Instructions to follow:
All lines from the one with "1 kişi yaralandı" through the last line of the data below should be copied exactly; please add nothing.

Data provided:
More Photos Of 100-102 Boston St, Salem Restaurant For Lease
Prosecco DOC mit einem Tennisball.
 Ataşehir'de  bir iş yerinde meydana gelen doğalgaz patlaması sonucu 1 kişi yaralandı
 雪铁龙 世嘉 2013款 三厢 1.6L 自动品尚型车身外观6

Response to the task:
 Ataşehir'de  bir iş yerinde meydana gelen doğalgaz patlaması sonucu 1 kişi yaralandı
 雪铁龙 世嘉 2013款 三厢 1.6L 自动品尚型车身外观6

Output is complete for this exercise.